Olahraga Tradisional Kaltim Naik Kelas, Dispora Perkuat Pembinaan Berbasis Budaya

olahraga tradisional  ( sumpit)

Portalkaltim.com, Samarinda — Dinas Pemuda dan Olahraga (Dispora) Kalimantan Timur terus mendorong penguatan olahraga tradisional, tak hanya sebagai warisan budaya, tetapi juga sebagai bagian dari pembinaan karakter dan potensi prestasi di masa depan.

Dulu hanya dianggap sebagai permainan rakyat yang menghibur, kini olahraga tradisional mulai diposisikan sebagai cabang kompetitif yang mampu bersaing hingga level nasional, bahkan internasional.

Kepala Seksi Olahraga dan Rekreasi Tradisional Dispora Kaltim, Thomas Alva Edison, menjelaskan bahwa akar olahraga tradisional sangat kuat karena lahir dari kultur masyarakat dan diwariskan secara turun-temurun.

“Awalnya, olahraga tradisional hadir sebagai bentuk kegembiraan masyarakat, mempererat hubungan sosial, dan menjadi hiburan rakyat. Tapi sekarang arah pembinaannya sudah berkembang,” ujarnya, Kamis (3/7/2025).

Perubahan paradigma ini tak lepas dari meningkatnya minat masyarakat, serta munculnya berbagai ajang kejuaraan berskala besar.
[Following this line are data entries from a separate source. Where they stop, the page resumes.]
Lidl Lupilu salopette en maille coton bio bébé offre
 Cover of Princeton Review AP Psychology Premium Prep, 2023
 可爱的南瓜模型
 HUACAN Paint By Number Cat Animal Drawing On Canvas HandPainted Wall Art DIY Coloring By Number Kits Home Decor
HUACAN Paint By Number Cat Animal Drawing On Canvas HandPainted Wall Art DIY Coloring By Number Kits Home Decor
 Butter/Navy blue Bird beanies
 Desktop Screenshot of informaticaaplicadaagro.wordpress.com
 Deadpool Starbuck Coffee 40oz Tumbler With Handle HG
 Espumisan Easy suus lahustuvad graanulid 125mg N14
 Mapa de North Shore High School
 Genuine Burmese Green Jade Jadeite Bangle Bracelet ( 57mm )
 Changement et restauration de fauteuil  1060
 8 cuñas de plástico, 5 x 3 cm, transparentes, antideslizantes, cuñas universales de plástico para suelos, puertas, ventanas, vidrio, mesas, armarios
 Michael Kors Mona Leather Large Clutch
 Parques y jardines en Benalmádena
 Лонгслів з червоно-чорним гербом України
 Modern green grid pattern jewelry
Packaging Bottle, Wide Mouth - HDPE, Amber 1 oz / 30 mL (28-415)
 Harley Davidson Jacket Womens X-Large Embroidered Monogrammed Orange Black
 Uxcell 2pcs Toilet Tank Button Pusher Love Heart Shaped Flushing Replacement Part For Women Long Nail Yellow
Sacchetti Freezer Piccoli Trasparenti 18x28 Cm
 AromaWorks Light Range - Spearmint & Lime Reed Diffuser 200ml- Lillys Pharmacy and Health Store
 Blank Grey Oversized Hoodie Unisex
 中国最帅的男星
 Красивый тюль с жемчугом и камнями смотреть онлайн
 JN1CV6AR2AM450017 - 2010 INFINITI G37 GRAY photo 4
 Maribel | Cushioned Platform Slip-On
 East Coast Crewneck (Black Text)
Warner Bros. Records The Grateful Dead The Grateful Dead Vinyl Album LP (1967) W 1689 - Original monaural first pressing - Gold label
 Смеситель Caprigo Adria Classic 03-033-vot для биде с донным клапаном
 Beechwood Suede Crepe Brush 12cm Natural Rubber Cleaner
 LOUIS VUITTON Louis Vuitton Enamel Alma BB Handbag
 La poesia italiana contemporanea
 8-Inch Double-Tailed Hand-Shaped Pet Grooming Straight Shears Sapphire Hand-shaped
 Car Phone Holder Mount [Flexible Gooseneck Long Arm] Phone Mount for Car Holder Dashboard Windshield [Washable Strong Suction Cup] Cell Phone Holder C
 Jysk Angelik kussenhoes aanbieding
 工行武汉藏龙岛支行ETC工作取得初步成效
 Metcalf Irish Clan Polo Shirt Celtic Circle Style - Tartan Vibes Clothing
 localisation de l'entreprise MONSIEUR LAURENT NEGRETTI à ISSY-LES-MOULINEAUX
Seiring dengan itu, lembaga penggeraknya pun bertransformasi—dari FORMI menjadi KORMI (Komite Olahraga Rekreasi Masyarakat Indonesia), yang kini menjadi induk resmi berbagai cabang olahraga tradisional dan rekreasi.

“KORMI berperan penting menjaga agar olahraga tradisional tetap menjadi milik masyarakat luas, namun juga bisa melahirkan atlet-atlet kompetitif,” kata Thomas.

Dalam struktur pembinaan olahraga nasional, Thomas menjelaskan adanya dua jalur besar: olahraga prestasi dan olahraga masyarakat. Olahraga prestasi bertumpu pada sistem kompetisi berjenjang dan perburuan medali, sementara olahraga masyarakat lebih menekankan aspek partisipasi, kesehatan, dan pelestarian nilai-nilai lokal.

“Olahraga masyarakat fokusnya bukan ke podium juara, tapi ke partisipasi aktif, kebugaran, dan kebahagiaan. Meski begitu, nilainya tak kalah penting dari olahraga prestasi,” jelasnya.

Namun, tidak sedikit cabang olahraga yang kini melintasi kedua jalur tersebut. Cabang seperti panahan dan binaraga, misalnya, bisa eksis dalam event prestasi di bawah KONI maupun dalam versi rekreatif bersama KORMI.

“Pendekatannya yang membedakan. Di KONI bersifat kompetitif, sementara di KORMI lebih inklusif dan partisipatif. Tapi dua-duanya tetap mendorong semangat olahraga,” tambahnya.

Thomas menekankan bahwa transformasi pembinaan olahraga tradisional perlu tetap berpijak pada nilai-nilai budaya lokal. Pelestarian identitas dan karakter bangsa harus menjadi fondasi utama dalam setiap langkah pembinaan.

“Dengan pembinaan yang terstruktur dan dukungan kelembagaan yang kuat, olahraga tradisional bukan hanya bisa bertahan, tapi juga berkontribusi nyata bagi prestasi daerah di tingkat nasional,” tutupnya.